In his first two movies, "East of Eden" and "Rebel Without a Cause" (he only made one other film, "Giant," before dying in a car wreck at 24), James Dean's powerful, alluring vulnerability brought out something sensually maternal in leading ladies Julie Harris and Natalie Wood. And "James Dean" falls for the soft-spoken actor with the same protective ardor. This is a movie that wraps its arms around its subject; if it can't soothe the pain, at least it can let us see how deep it ran and how brilliantly Dean turned it into art.
Rydell (who knew Dean when they were both students at New York's Actors Studio in the early '50s) and playwright Horovitz have been planning a James Dean biopic for years; Johnny Depp, Brad Pitt and Leonardo DiCaprio were all mentioned for the lead at one time or another. James Franco, who finally won the role, is hardly a household name -- unless your household regularly watched NBC's too-short-lived "Freaks and Geeks." If so, you know that Franco played Daniel Desario, the misunderstod "freak," or stoner, who struggled with secret shame over his bad reputation and poor grades.

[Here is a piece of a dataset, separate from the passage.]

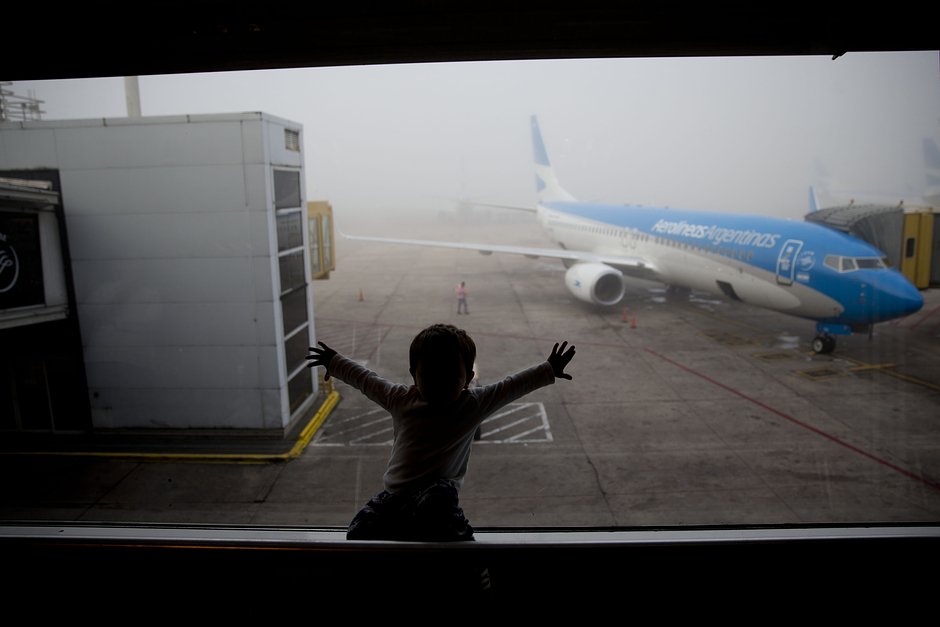 Ребенок наблюдает за самолетом в аэропорту Хорхе Ньюбери в Буэнос-Айресе, 14 апреля 2016 года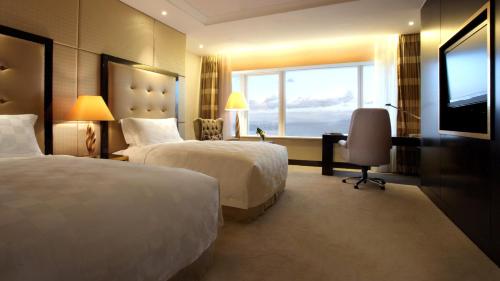 a hotel room with two beds and a window at InterContinental Dalian, an IHG Hotel in Dalian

Daniel just wanted to get an education and escape from his dead-end life with his sickly father, unemployed brother and bitter mother (in one episode, she taunts him for being "the oldest junior in Michigan"). But adults pegged him as a delinquent. In the series' final episode, Daniel gets busted by guidance counselor Mr. Rosso in the act of setting off a fire alarm; desperate to improve his grades, Daniel was trying to postpone a test he hadn't studied for. Rosso doesn't ask for an explanation, he only mocks him ("Do you think you're the Fonz?"). Daniel replies wearily, "No, sir," but the guidance counselor is only prepared to hear insolence.
"James Dean"
(8 p.m. Sunday, TNT; encores at 10 p.m. and 12 a.m. Sunday and 8 p.m., Aug. 10)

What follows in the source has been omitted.